I focus mainly on back-end development with tools like Symfony
and devops with tools like Docker

Using Vagrant to get a new Laravel project running

by Paul Herron on 06 May 2014

In my last post I looked at creating custom Vagrant base box that has a working Nginx, PHP and MySQL setup all ready to go, making it easy to get started on new PHP projects with minimal configuration. Let’s give that a try now by using our custom base box as the basis of a new Laravel project. We’ll only need to write (or indeed clone) a few lines of Vagrant config code to get started!

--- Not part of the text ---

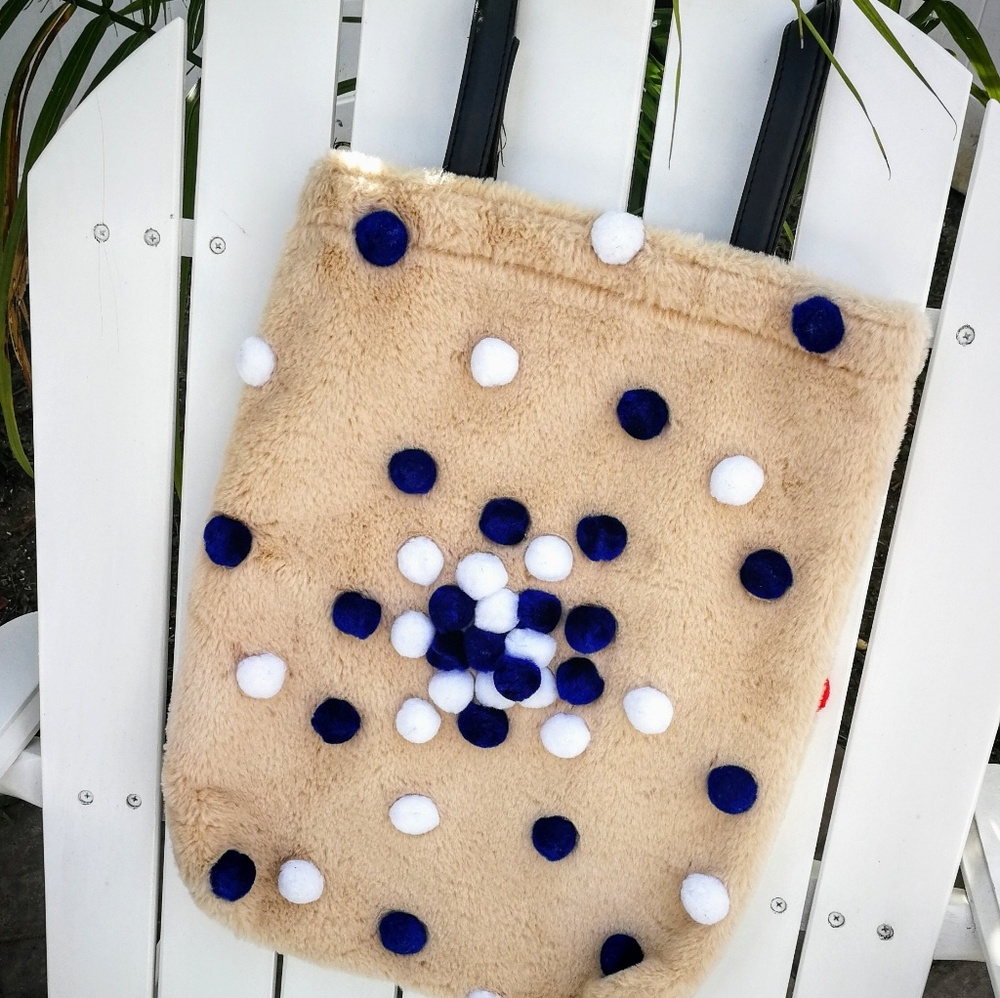 NEW doublesided Eco handmade handbag recycled tote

Create a new Laravel project

Assuming you’ve already installed the laravel binary file on your machine, make a new project:

laravel new laravel_test

Now inside your new laravel_test project you should see a load of files - a brand new project you just created. Move into that and then let’s clone some Vagrant config files into Laravel’s app/config directory. I’ve put these on GitHub so you can get them like this:

cd laravel_test
git clone https://github.com/paulherron/vagrant_laravel.git app/config/vagrant

There’s really not very much in what you just cloned – that’s the beauty of using a custom base box. As usual there’s a bootstrap.sh file, contained in which are the shell commands to run when first setting up the Vagrant box. Because most of the required software is installed already, all that’s needed is to:

Vagrant expects to find a file called Vagrantfile in the root directory. This was included in the files we just cloned, but we need to symlink it into place:

ln -s app/config/vagrant/Vagrantfile .

Now we can fire up the virtual machine and see what happens:

vagrant up

With a bit of luck you can now navigate to 192.168.50.2 (or at default.l if you set up a local testing domain in your /etc/hosts file).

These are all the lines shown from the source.